Best Practices¶

This guide outlines recommended practices for using TNH Scholar effectively.

General Guidelines¶

Text Processing¶

1. Input Preparation¶

Ensure text files use consistent line endings
Remove any special formatting or control characters
Use UTF-8 encoding for all text files
Consider running nfmt on input files to standardize formatting

2. Language Handling¶

Specify language codes explicitly when known
Use ISO 639-1 two-letter codes (e.g., 'en', 'vi')
Allow auto-detection only for simple cases

3. File Management¶

Keep original files backed up
Use descriptive file names
Maintain consistent directory structure
Store intermediate results when running long pipelines

Command-Line Tools¶

TNH-Gen¶

1. Prompt Selection¶

Use default prompts for initial testing
Create custom prompts for specific needs
Test prompts with small samples first
Document prompt modifications

2. Pipeline Design¶

Break complex processing into steps
Use intermediate files for long pipelines
Validate output at each stage
Consider using tee for debugging

The recommended pipeline uses tnh-gen for every stage, including the split:

# Step 1: Number raw lines (preprocessing — no model call)
awk '{print NR":"$0}' source.txt > source_numbered.txt

# Step 2: Section — tnh-gen identifies page/article breaks and produces metadata
tnh-gen run --prompt section_by_break \
  --input-file source_numbered.txt \
  --var source_language=Vietnamese \
  --var section_count=4 \
  --var metadata='{"title":"...","author":"..."}' \
  --output-file sections.json

# Step 3: Clean each section (focused per-page context)
for i in 1 2 3 4; do
  tnh-gen run --prompt default_clean_numbered \
    --input-file section_${i}_raw.txt \
    --var source_language=Vietnamese \
    --output-file section_${i}_clean.txt
done

# Step 4: Translate each section with full document context
for i in 1 2 3 4; do
  tnh-gen run --prompt default_line_translate \
    --input-file section_${i}_clean.txt \
    --vars sections.json \
    --var source_language=Vietnamese \
    --var target_language=English \
    --var style=scholarly \
    --output-file section_${i}_translated.txt
done

# Step 5: Combine
cat section_{1,2,3,4}_translated.txt > final_translated.txt

Processing section-by-section (rather than one large batch) keeps each model call focused on a single page's worth of content and contains errors locally. The sections.json produced in step 2 carries section titles, key concepts, and a document summary that give the translator full context for every section.

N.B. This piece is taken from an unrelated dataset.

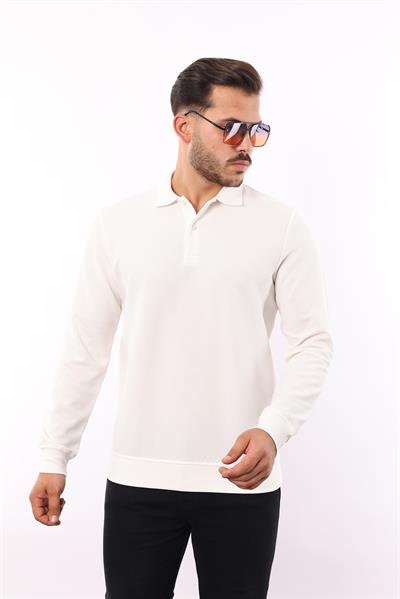 Waffle Dokuma Polo Yaka Sweatshirt – Pamuk Viskon Regular Fit Rugatchi Exclusive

# Never: overwrite your only input copy
tnh-gen run --prompt default_clean --input-file source.txt --output-file source.txt

For the full walkthrough with a real OCR source, extraction helper script, and golden output structure, see the Thầy Edited Journal Text Case Study.

3. Error Handling¶

Check command exit codes
Save error output for debugging
Use verbose mode for troubleshooting
Keep log files organized

Audio-Transcribe¶

1. Audio Processing¶

Use appropriate chunk sizes for content
Consider silence detection for natural breaks
Monitor transcription quality
Save intermediate audio chunks

2. YouTube Downloads¶

Verify video availability before batch processing
Use CSV files for bulk operations
Include timestamps when needed
Save downloaded audio files

Pattern Development¶

1. Pattern Design¶

Keep patterns focused and single-purpose
Include clear documentation
Test with various input types
Patterns are automatically version controlled using git.
Use git tools to inspect and manage versions.

2. Template Variables¶

Use descriptive variable names
Provide default values when appropriate
Document required variables
Test variable combinations

Example pattern structure:

---
description: Example pattern for formatting
version: 1.0
author: TNH Scholar
---
Process this text according to these parameters:

Language: {{ language }}
Style: {{ style_convention }}
Review Count: {{ review_count }}

Additional instructions...

Performance Optimization¶

1. Resource Management¶

Monitor token usage
Use appropriate batch sizes
Consider chunking for large files
Cache intermediate results

2. API Usage¶

Implement rate limiting
Handle API errors gracefully
Monitor usage and costs
Use appropriate models for tasks

Testing and Validation¶

1. Input Validation¶

Test with various file sizes
Include different languages
Check character encodings
Verify line endings

2. Output Validation¶

Verify file formats
Check content integrity
Validate XML structure
Compare with expected results

3. Process Validation¶

Monitor system resources
Track processing time
Log error conditions
Document edge cases

Security Considerations¶

1. API Keys¶

Use environment variables
Never commit keys to version control
Rotate keys regularly
Monitor API usage

2. File Handling¶

Validate input files
Use secure file permissions
Clean up temporary files
Handle sensitive content appropriately

Documentation¶

1. Code Comments¶

Document complex logic
Explain pattern usage
Note assumptions
Include examples

2. Process Documentation¶

Document workflows
Create usage examples
Update for changes
Include troubleshooting guides